Web page caption snippets
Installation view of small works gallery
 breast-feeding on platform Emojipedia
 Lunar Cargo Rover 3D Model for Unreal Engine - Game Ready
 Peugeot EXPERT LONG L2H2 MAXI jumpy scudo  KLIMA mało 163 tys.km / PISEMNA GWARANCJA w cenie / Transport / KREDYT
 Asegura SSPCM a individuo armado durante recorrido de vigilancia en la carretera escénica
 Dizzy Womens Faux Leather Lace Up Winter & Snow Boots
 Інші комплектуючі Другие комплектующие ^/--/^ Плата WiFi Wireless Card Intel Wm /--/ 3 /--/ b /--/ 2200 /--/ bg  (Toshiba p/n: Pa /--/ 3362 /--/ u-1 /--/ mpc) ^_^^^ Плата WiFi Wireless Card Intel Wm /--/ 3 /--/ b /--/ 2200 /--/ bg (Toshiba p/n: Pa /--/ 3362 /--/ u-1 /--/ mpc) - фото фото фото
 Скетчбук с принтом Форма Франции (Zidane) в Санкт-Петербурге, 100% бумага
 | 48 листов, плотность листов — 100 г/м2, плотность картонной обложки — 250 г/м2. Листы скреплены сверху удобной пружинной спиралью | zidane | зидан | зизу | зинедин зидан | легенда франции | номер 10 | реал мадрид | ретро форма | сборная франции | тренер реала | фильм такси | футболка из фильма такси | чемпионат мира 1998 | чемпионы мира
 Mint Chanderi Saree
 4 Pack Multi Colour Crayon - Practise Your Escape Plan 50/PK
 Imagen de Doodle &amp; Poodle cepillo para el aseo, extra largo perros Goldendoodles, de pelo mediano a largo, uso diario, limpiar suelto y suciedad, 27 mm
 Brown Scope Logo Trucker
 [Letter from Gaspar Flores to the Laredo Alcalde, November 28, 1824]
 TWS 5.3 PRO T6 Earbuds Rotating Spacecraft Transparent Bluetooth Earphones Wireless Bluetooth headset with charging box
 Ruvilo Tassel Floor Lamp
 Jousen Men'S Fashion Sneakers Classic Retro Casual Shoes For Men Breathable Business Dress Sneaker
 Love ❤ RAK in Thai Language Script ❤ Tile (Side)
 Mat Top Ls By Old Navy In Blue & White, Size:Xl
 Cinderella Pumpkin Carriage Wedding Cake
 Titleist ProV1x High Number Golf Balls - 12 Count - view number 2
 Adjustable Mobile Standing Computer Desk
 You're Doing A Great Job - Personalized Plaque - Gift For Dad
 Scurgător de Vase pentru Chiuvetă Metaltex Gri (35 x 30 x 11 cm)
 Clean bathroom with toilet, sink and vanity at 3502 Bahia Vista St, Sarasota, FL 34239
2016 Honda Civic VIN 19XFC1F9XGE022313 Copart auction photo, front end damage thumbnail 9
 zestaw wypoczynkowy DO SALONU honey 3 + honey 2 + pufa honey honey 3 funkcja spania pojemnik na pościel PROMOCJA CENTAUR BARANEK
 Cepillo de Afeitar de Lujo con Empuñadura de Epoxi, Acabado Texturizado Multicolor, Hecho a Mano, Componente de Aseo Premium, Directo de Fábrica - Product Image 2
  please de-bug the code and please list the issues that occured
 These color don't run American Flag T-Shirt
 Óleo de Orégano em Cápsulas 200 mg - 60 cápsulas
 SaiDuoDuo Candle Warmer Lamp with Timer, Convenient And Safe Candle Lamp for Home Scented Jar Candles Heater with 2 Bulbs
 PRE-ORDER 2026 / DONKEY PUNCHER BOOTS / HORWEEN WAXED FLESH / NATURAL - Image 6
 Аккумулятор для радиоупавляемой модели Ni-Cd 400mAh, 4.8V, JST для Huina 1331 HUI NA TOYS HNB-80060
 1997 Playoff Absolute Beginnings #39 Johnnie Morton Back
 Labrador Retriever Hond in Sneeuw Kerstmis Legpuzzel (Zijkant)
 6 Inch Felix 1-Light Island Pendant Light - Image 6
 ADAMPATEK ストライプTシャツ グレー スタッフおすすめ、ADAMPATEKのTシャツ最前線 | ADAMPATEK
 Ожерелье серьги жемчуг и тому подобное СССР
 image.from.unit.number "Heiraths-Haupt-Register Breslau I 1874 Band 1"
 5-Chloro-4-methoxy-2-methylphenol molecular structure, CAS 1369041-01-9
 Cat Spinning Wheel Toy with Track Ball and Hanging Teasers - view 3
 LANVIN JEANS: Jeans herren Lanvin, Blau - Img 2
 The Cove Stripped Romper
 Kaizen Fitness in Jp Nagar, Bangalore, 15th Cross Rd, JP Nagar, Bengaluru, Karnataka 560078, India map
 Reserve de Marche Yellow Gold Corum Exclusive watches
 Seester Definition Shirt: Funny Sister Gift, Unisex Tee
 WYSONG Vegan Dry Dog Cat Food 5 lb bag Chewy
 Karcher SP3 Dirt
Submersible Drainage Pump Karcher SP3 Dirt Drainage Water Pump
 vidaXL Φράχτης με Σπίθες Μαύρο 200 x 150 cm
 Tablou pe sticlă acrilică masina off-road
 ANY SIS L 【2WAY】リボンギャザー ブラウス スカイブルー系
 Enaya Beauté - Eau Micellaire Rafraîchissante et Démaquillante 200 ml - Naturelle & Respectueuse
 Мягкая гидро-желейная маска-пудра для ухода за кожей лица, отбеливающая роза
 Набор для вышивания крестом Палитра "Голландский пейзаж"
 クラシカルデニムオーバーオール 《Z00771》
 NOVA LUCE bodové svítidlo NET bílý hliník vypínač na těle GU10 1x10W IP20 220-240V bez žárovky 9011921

What to produce ->
Nothing but a number should be given: the count of lines above that hold "view".

Answer to the exercise ->
3